Pomaré V est un homme de quarante ans, grand et fort, un peu gros, dont la physionomie ne manque pas de caractère. Le front est vaste et découvert, le regard expressif, sérieux et doux ; le menton proéminent dénote la volonté. Le roi porte la moustache et il a assez grand air, ma foi, quand il passe son uniforme d’amiral et met sa croix d’officier de la Légion d’honneur. C’est un bon homme passablement déprimé par l’ivrognerie, qui par éclairs se retrouve roi, mais en qui le sauvage est resté.
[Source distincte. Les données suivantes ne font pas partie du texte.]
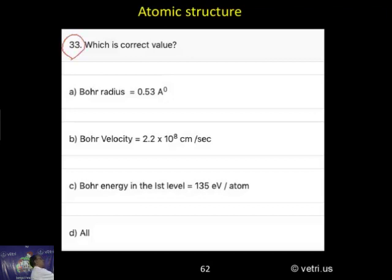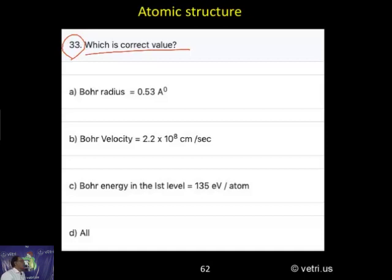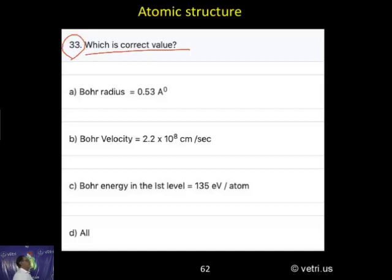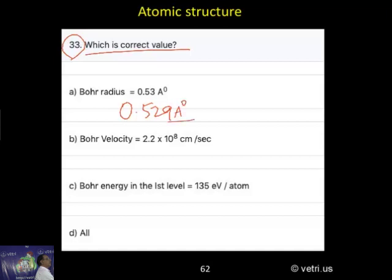Next question, 13. Which is correct value? This is a question asked under the Bohr theory. Option A: Bohr radius 0.53 Angstrom. Normally, we have it given as 0.529, but here it is given in the short form 0.53.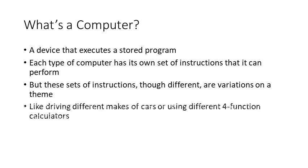By that, I mean think of driving different makes of cars. The dash is going to be arranged differently between one make and another make of car, or a four-function calculator. The lower right-hand button on a four-function calculator might be the equal sign, it might be the plus operator, it might be zero, it might be a lot of different things.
Il aime la France ; il n’en aime pas moins sa terre natale devenue française et ses anciens sujets, et s’est longtemps obstiné à réclamer le maintien de vieilles prérogatives peu conformes à notre droit public comme à nos institutions.
Ce n’est pas toujours dans des revendications de cette nature que Pomaré se souvient qu’il a porté une couronne. L’autre semaine, Sa Majesté se trouvait au cercle militaire de Papeete. Un Européen connu d’elle fêtait une bonne nouvelle reçue par le courrier. On but du champagne et Pomaré voulut le prendre à son compte.
— « Non pas ! dit l’autre, j’ai commandé, je paierai. »
Devant cette insistance, Pomaré dit qu’il est le roi…
— « Il n’y a pas de roi ! » fait l’Européen.
— « Il n’y a pas de roi ! » réplique Sa Majesté, et, d’un coup de poing, Elle renverse le pauvre garçon.
La maison du roi est tenue par sa belle-sœur, la princesse de Joinville, qui passe pour sa maîtresse : Il a auprès de lui son neveu, le prince Hinoï et sa femme, la petite reine de Borabora dont j’ai déjà dit un mot. Hinoï est un charmant garçon de dix-huit ans, parlant très correctement le français et fort bien élevé. Sa femme avait treize ans quand il l’épousa. Pomaré voudrait, paraît-il, que son neveu lui succédât dans sa royauté nominale ou tout au moins dans la pension de soixante mille francs qui a été le prix de l’annexion de Tahiti. Il se leurre peut-être.
Auprès du roi vit un vieux Tahitien, Pai a Vetea, qui a fait partie à plusieurs reprises du Conseil colonial et n’est pas étranger aux revendications politiques dont je parlais tout à l’heure. Mais la société préférée du roi est celle de quelques jeunes gens de Papeete qui savent lui tenir tête à table. C’est en leur compagnie que Pomaré s’enivre, et s’enivre à ce point qu’il lui faut toujours avoir un médecin sous la main. Tel convive est précisément son marchand de vins et sait à quoi s’en tenir sur la véracité des étiquettes dorées dont se parent les bouteilles servies sur la table de Sa Majesté. Ce roi en disponibilité fait la fête comme les rois en exil de Daudet. Il la fait à sa manière et ce n’est pas sa faute si ses compagnons de plaisir ne font pas partie du Jockey.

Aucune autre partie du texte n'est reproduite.